(Saved entries)
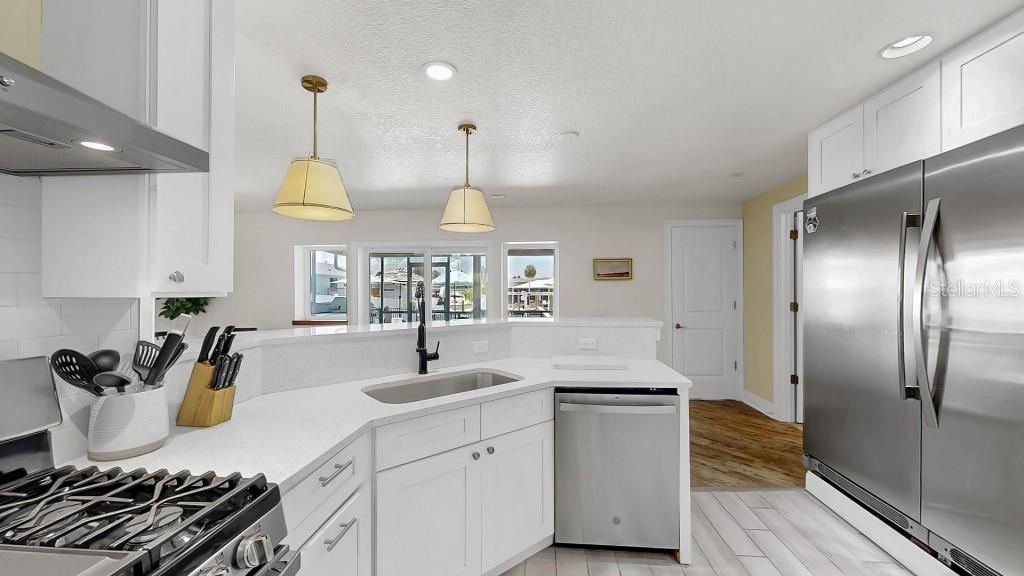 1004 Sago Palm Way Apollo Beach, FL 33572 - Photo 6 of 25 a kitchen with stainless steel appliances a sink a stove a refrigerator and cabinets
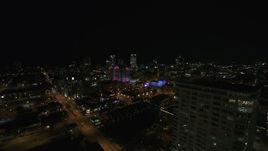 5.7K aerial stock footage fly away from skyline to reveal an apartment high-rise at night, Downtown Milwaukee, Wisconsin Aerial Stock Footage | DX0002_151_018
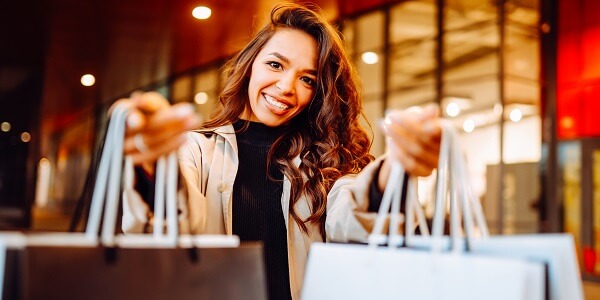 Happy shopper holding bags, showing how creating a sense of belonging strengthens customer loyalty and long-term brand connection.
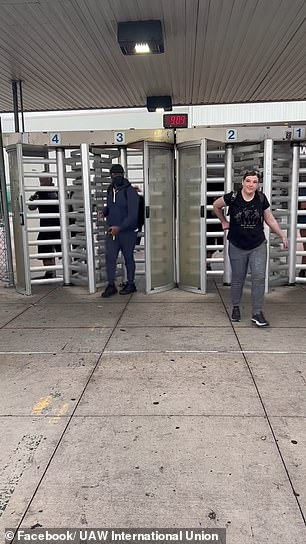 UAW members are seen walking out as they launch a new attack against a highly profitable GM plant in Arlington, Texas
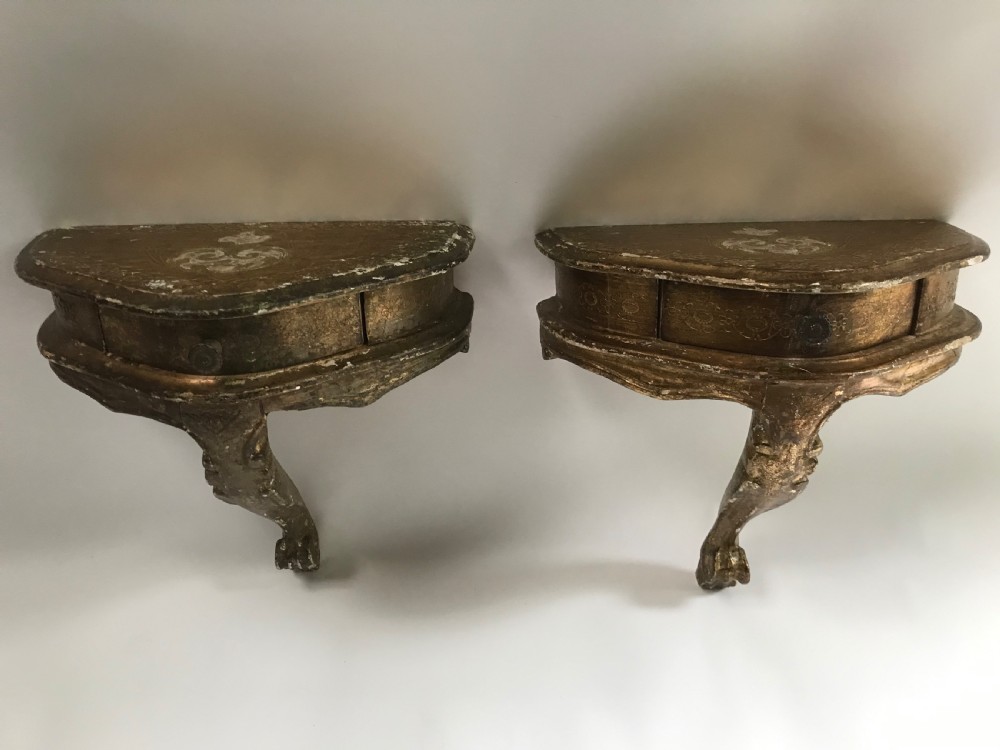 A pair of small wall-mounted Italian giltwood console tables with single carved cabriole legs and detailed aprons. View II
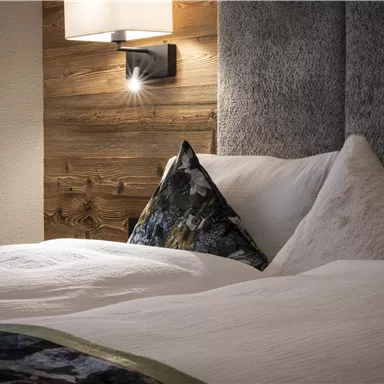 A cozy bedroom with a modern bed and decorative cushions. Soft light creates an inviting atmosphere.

## Exercise brief
Set down word for word the lines from the opening of the entries above through the line that contains "5.7K aerial stock", and omit every picture.

## Exercise response
 1004 Sago Palm Way Apollo Beach, FL 33572 - Photo 6 of 25 a kitchen with stainless steel appliances a sink a stove a refrigerator and cabinets
 5.7K aerial stock footage fly away from skyline to reveal an apartment high-rise at night, Downtown Milwaukee, Wisconsin Aerial Stock Footage | DX0002_151_018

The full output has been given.